──────── Records shown

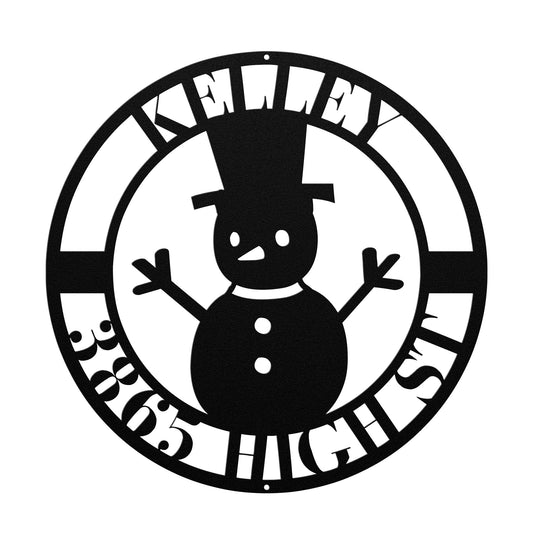 10161 - * Custom Snowman Address Metal Sign
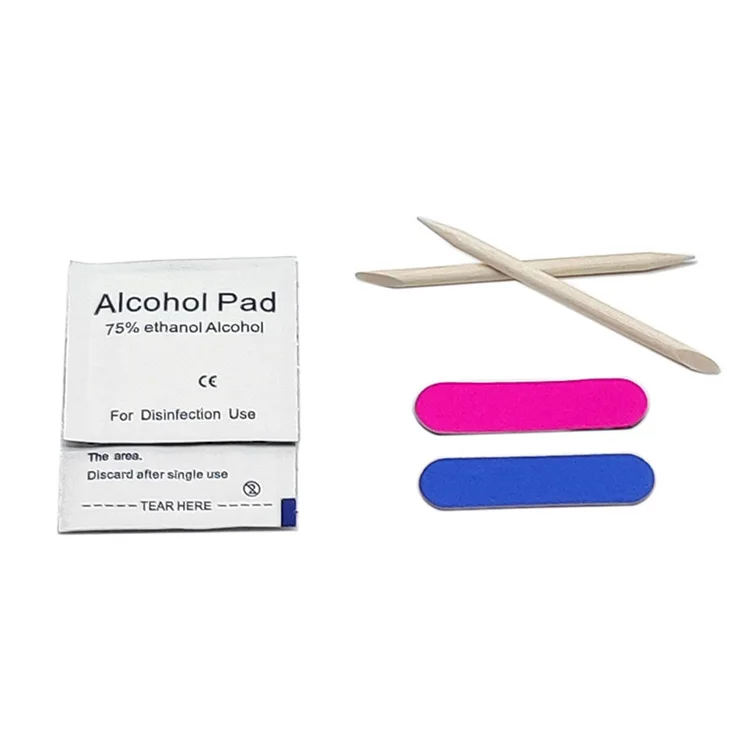 WELLFLYER NF-194 S2 OEM Nail Prep Kit For Press On Nails Small Jelly Glue Mini Files Alcohol Chips Press On Nails Tool Kit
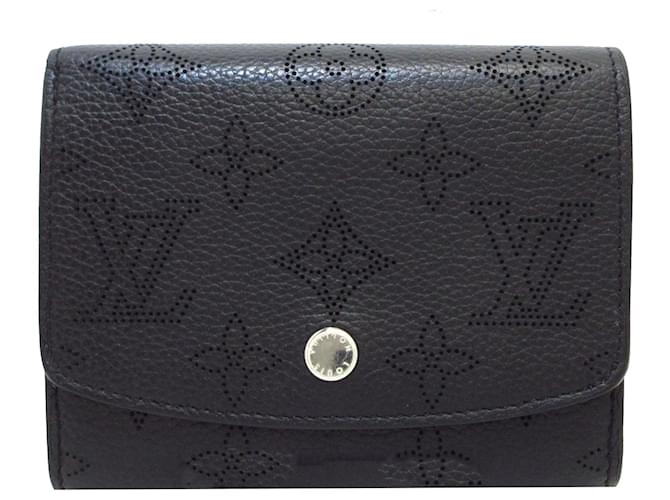 Louis Vuitton Black Monogram Mahina Iris Wallet Leather Pony-style calfskin  ref.1314155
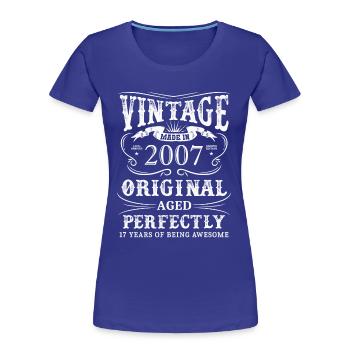Vintage Made In 2007 17 Years Of Being Awesome - Women's Premium Organic T-Shirt - royal blue - Front - Mia (176cm)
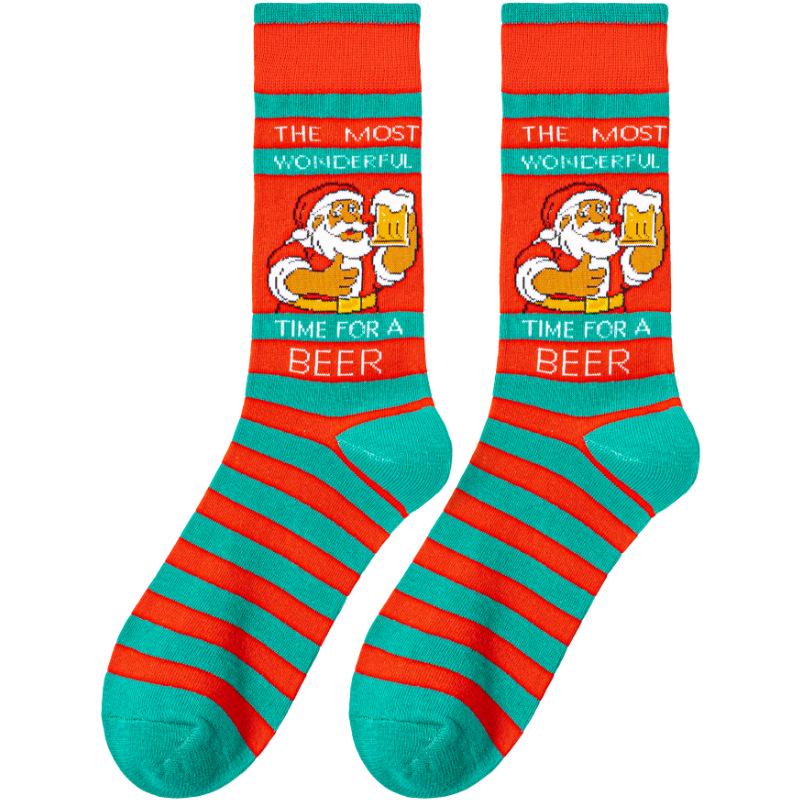 Рождественские носки до середины икры больших размеров с собаками - Европейский и американский стиль для женщин и мужчин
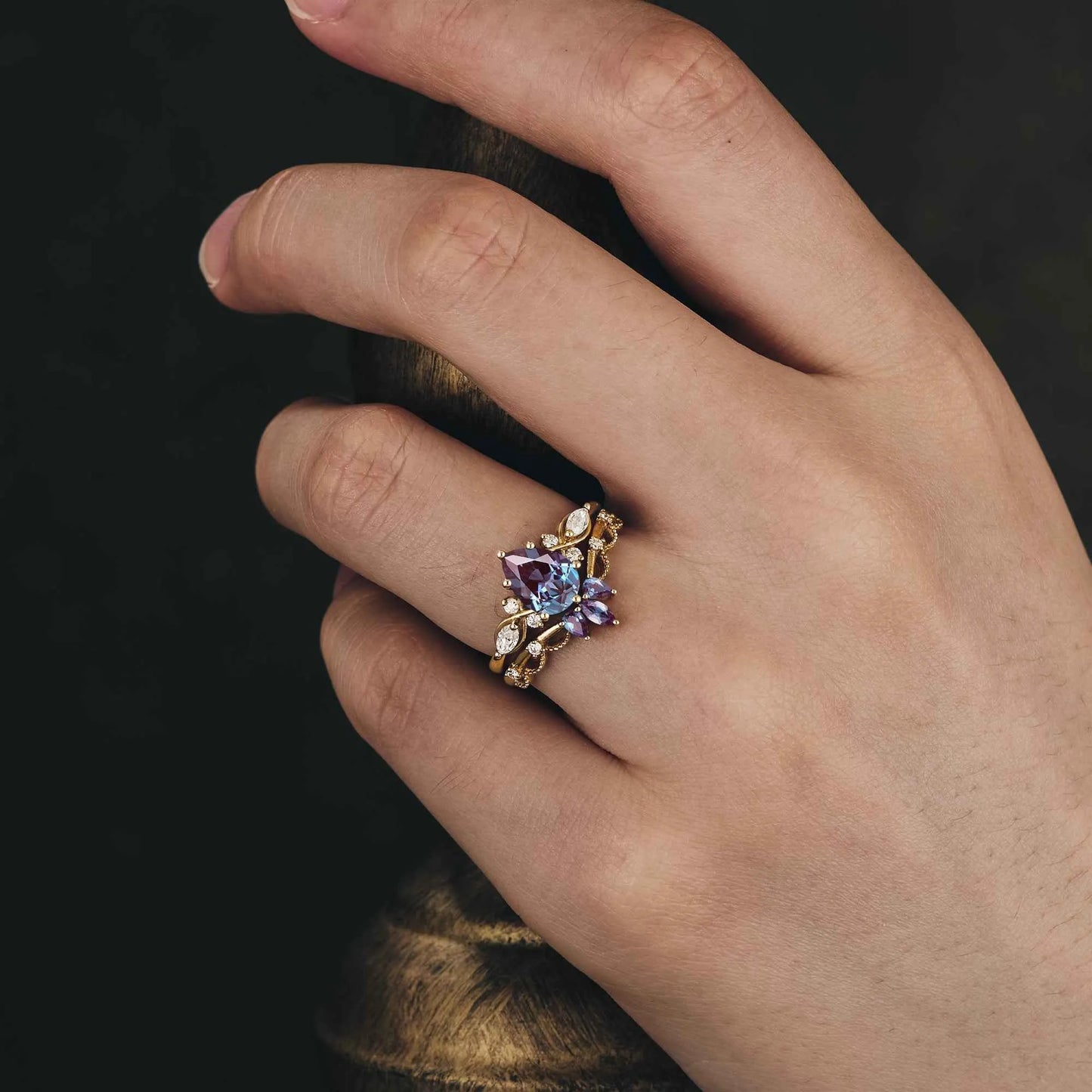 Morning Glory Inspired Alexandrite Ring Set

────────────────

■ **Work task**: The images are to be left out; every line above should be set down exactly.

■ **Answer for the task**:
 10161 - * Custom Snowman Address Metal Sign
 WELLFLYER NF-194 S2 OEM Nail Prep Kit For Press On Nails Small Jelly Glue Mini Files Alcohol Chips Press On Nails Tool Kit
 Louis Vuitton Black Monogram Mahina Iris Wallet Leather Pony-style calfskin  ref.1314155
Vintage Made In 2007 17 Years Of Being Awesome - Women's Premium Organic T-Shirt - royal blue - Front - Mia (176cm)
 Рождественские носки до середины икры больших размеров с собаками - Европейский и американский стиль для женщин и мужчин
 Morning Glory Inspired Alexandrite Ring Set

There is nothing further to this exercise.